A análise

ÚLTIMAS UNIDADES!

Anuncia o homem com o terno gasto

O senhor com o terno impecável e barato

O menino com chinelos e calças largas.

Apartamentos, um lugar no céu, um picolé.

E são tantos os prédios nesta cidade que já não lembra mais nada.

Altos, muito altos, quase tocando o céu.

O mesmo anunciado pelo homem de terno impecável.

Todos querem o conforto de suas caixas cimentadas de sapato,

a presença do Divino, e um picolé nos dias quentes.

Um, dois, cinco, cem carros passam velozmente.

Maquinas enormes, guiadas por pessoas tão pequenas.

Dos apartamentos, já vendidos, alguns olhinhos infantis,

[cercados por grades e câmeras seguras,

Enxergam o estranho mundo que os rodeiam.

Celulares caminham sem direção, cachorros levam seus donos

[para tomar ar.

Olhos, onde estão os olhos?

Nos céus, trancados em apartamentos, encerrados em carros blindados?

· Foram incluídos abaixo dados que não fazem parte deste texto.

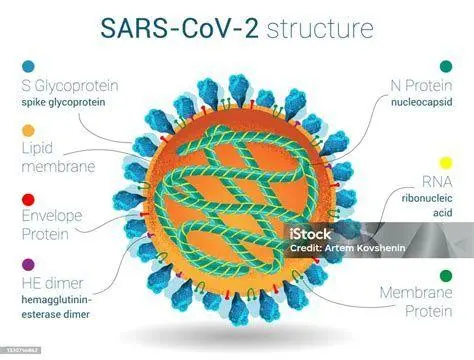 Struktur Virus Corona Struktur mikroskopis virus SARS-CoV-2 penyebab COVID-19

É tanto barulho, tanta gente, tanto prédio,

Tanta, tanto, tontura, e falta tudo, tudo, tudo.

Longe, bem longe dali,

numa rua sem saída nem segurança,

crianças brincam como vivem,

sem grades, como se tivessem asas e pudessem alcançar o céu.

Alguém liga uma mangueira,

uma criança chora,

a chuva começa a cair.

Já é de tarde, mas nada mudou.

Continua o barulho, o trânsito,

os celulares e cães continuam caminhando.

As pessoas ficam ao lado, subjulgadas.

Latidos, telas coloridas, rodas cromadas,

pessoas comuns, mas que não sabem disso.

Tenho isso, sou aquilo, desejo algo, preciso de tudo!

Muita gente alta, que vive em frestas.

Longe, não tão longe dali,

crianças não brincam, trabalham.

Balas, duchas em carros, malabarismos,

progresso da cidade.

Um homem dorme no banco de uma praça.

Um deficiente cata papelão.

Perto, logo ali,

num terreno abandonado,

um louco, são de suas atitudes, anuncia o fim do mundo:

- ARREPENDAM-SE!

Ele virá, de barba bem aparada, túnica branca, cabelos penteados,

olhos claros, coroa e estigmas. A imagem do sofrimento.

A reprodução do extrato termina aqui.